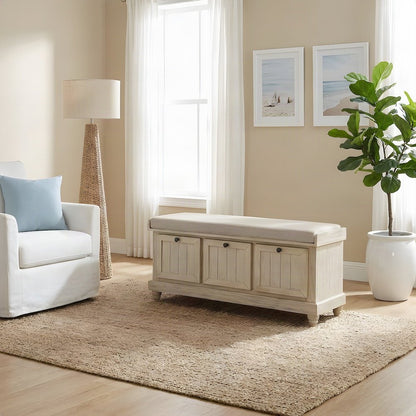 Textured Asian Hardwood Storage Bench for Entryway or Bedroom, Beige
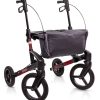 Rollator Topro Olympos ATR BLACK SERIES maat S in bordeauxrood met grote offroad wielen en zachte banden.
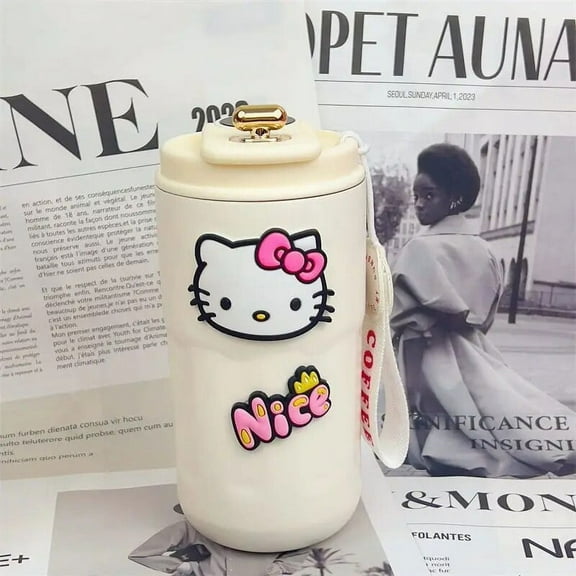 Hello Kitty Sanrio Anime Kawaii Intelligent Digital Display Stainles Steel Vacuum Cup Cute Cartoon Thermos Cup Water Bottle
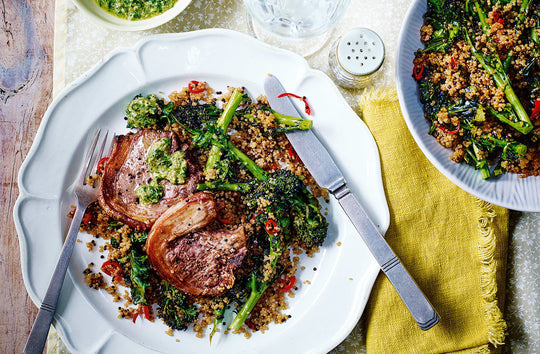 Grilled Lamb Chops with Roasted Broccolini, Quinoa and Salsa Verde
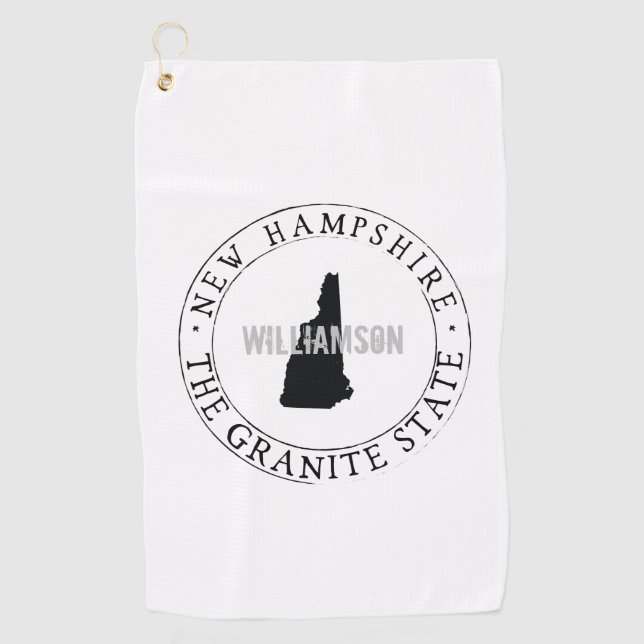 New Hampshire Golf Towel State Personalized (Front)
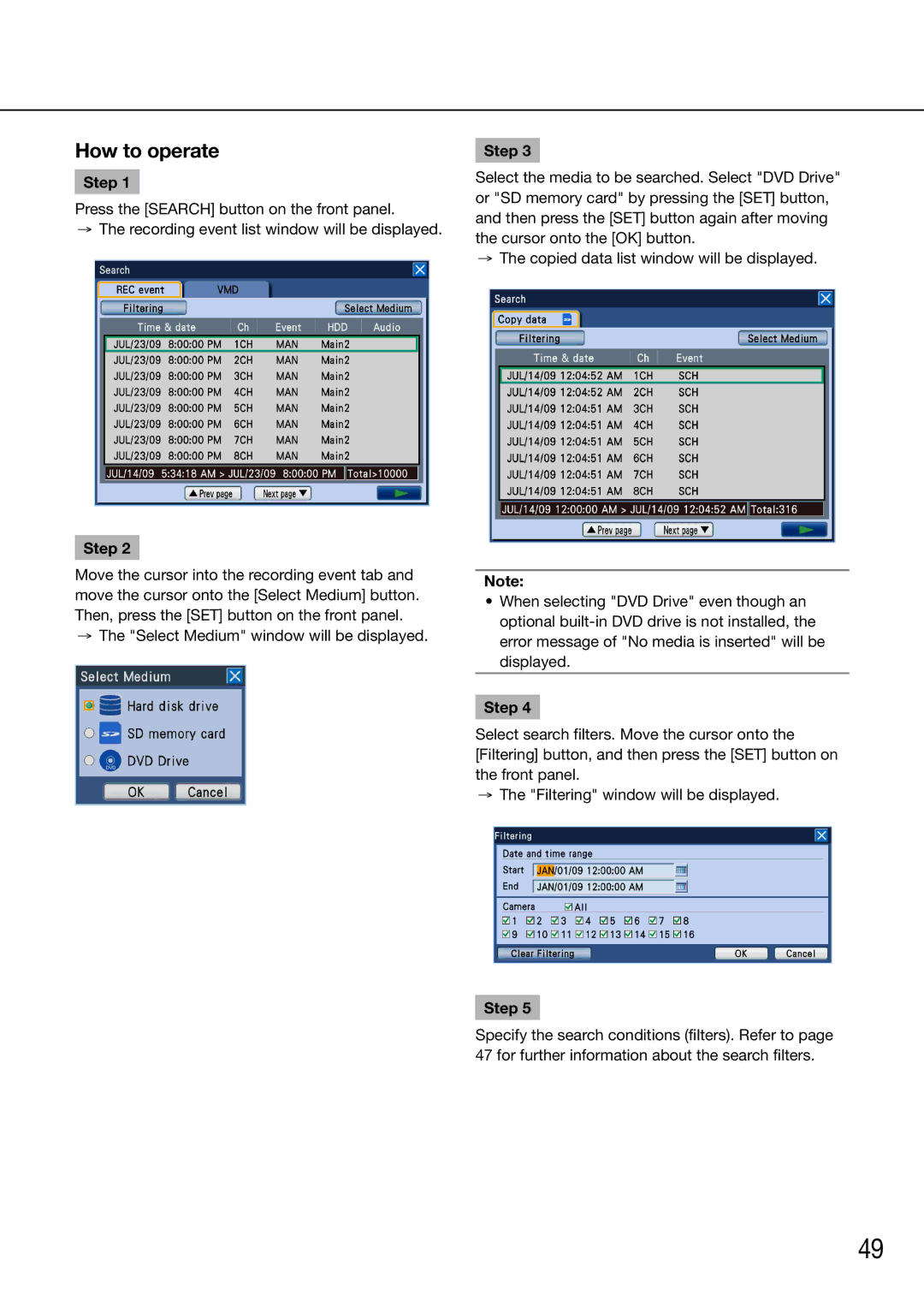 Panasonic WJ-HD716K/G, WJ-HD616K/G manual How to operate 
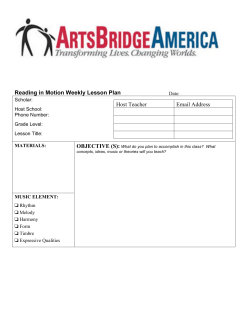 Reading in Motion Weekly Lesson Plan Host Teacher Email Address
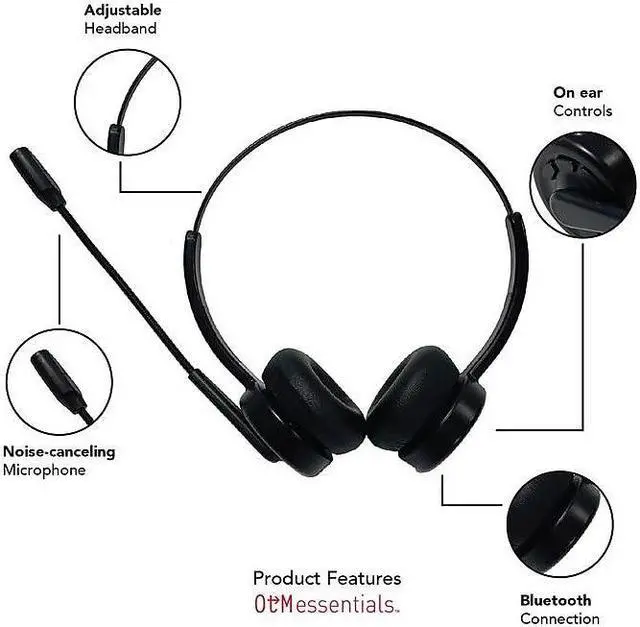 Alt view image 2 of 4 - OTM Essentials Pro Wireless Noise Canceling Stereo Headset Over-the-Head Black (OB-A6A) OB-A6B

= = = = = = =

> **Task objective**
Using the records above, copy exactly and only the lines from the line with "Grilled Lamb Chops" through the end, both included; leave every picture out.

> **Task result**
 Grilled Lamb Chops with Roasted Broccolini, Quinoa and Salsa Verde
 New Hampshire Golf Towel State Personalized (Front)
 Panasonic WJ-HD716K/G, WJ-HD616K/G manual How to operate 
 Reading in Motion Weekly Lesson Plan Host Teacher Email Address
 Alt view image 2 of 4 - OTM Essentials Pro Wireless Noise Canceling Stereo Headset Over-the-Head Black (OB-A6A) OB-A6B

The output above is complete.